■ WHAT TO WORK ON ■
From the first line to the last, output the data exactly as it stands, minus its pictures.

■ THE DATA ■

++++++++

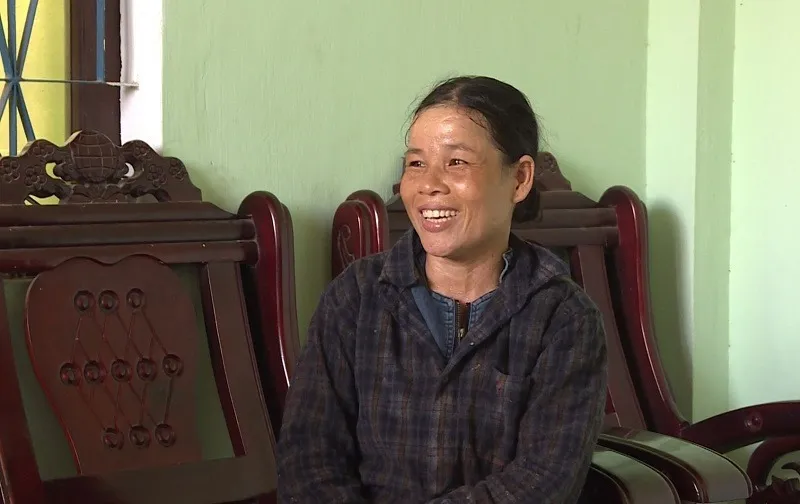 Nhặt 150 triệu đồng trong tấm bạt phơi lúa, nữ phụ hồ mang trả cho người mất  ảnh 1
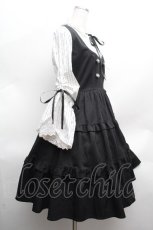 画像2: axes femme POETIQUE / 姫袖風ジャンパースカートドッキングワンピース  黒ｘ白 S-26-04-10-047-AX-OP-HR-ZS (2)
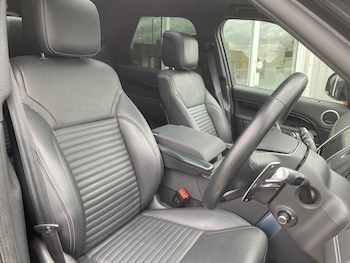 Used Land Rover Discovery 2021 for sale - 75830478: Photo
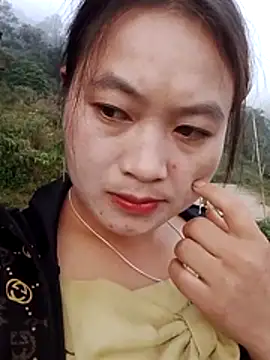 Snapshot of lusy-bae chatting on October 28, 2025, 12:33 am lusy-bae online show from October 28, 2025, 12:33 am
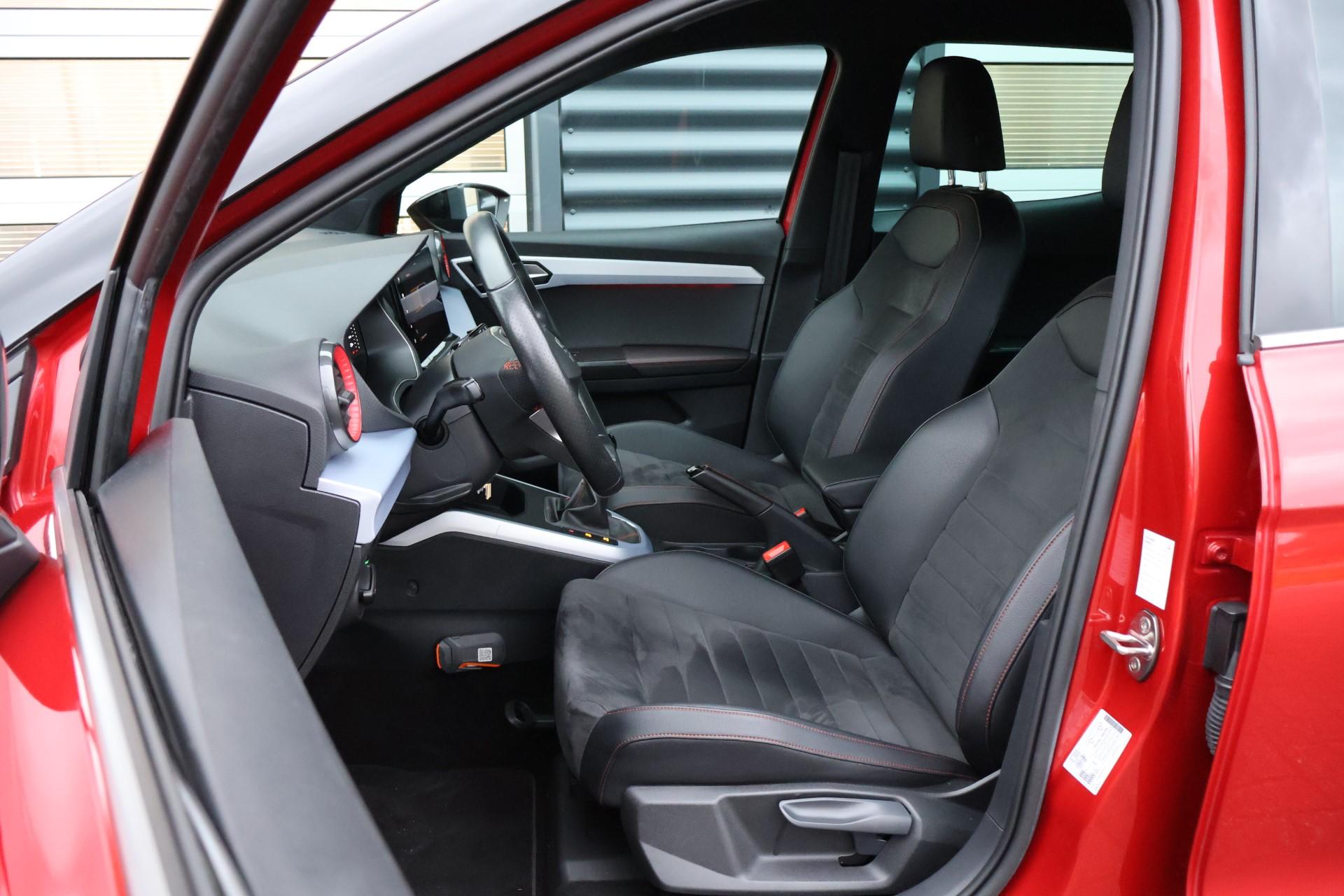 SEAT Arona 1.0 TSI 95pk FR Business Intense - Afbeelding 4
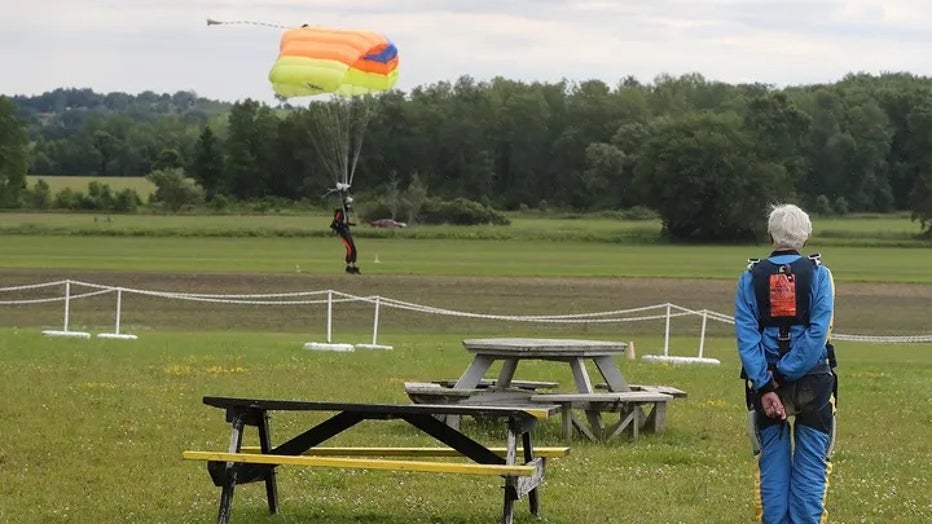 skydive-toronto.jpg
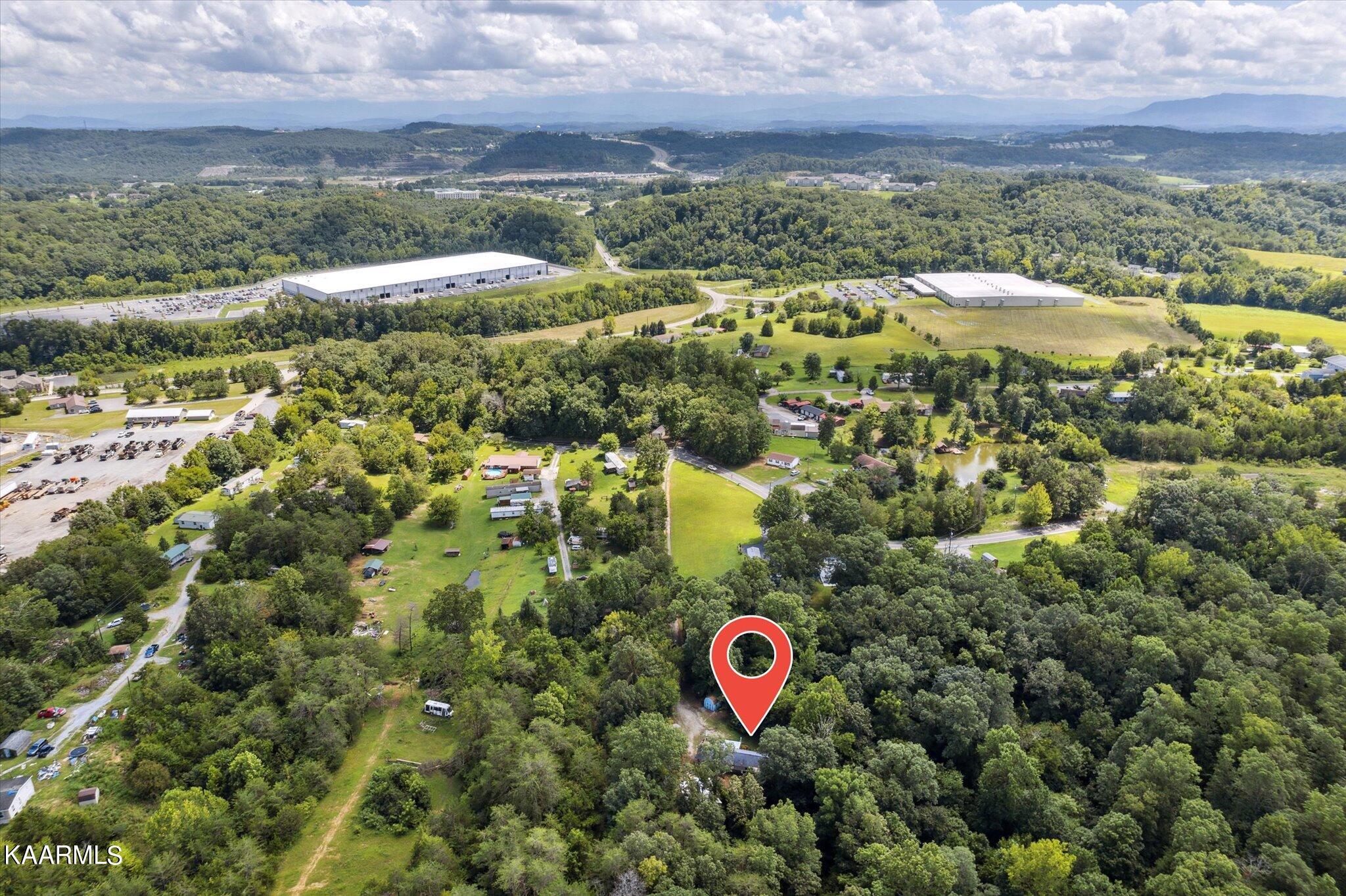 204 Hardin Road Kodak TN 37764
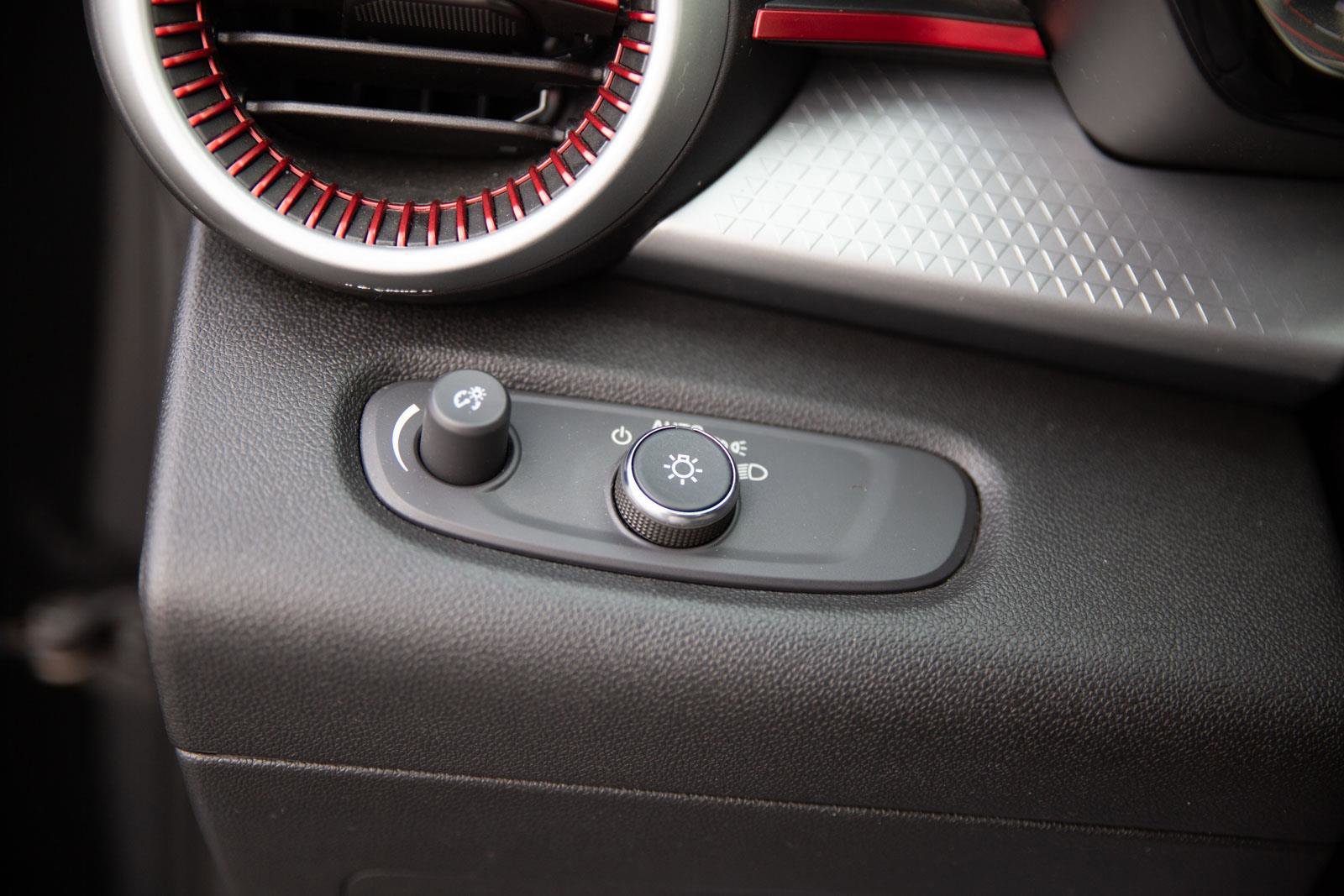 Certified 2024 Chevrolet Trax RS w/ Driver Confidence Package image 19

++++++++

■ RESPONSE BELOW ■
 Nhặt 150 triệu đồng trong tấm bạt phơi lúa, nữ phụ hồ mang trả cho người mất  ảnh 1
 画像2: axes femme POETIQUE / 姫袖風ジャンパースカートドッキングワンピース  黒ｘ白 S-26-04-10-047-AX-OP-HR-ZS (2)
 Used Land Rover Discovery 2021 for sale - 75830478: Photo
 Snapshot of lusy-bae chatting on October 28, 2025, 12:33 am lusy-bae online show from October 28, 2025, 12:33 am
 SEAT Arona 1.0 TSI 95pk FR Business Intense - Afbeelding 4
 skydive-toronto.jpg
 204 Hardin Road Kodak TN 37764
 Certified 2024 Chevrolet Trax RS w/ Driver Confidence Package image 19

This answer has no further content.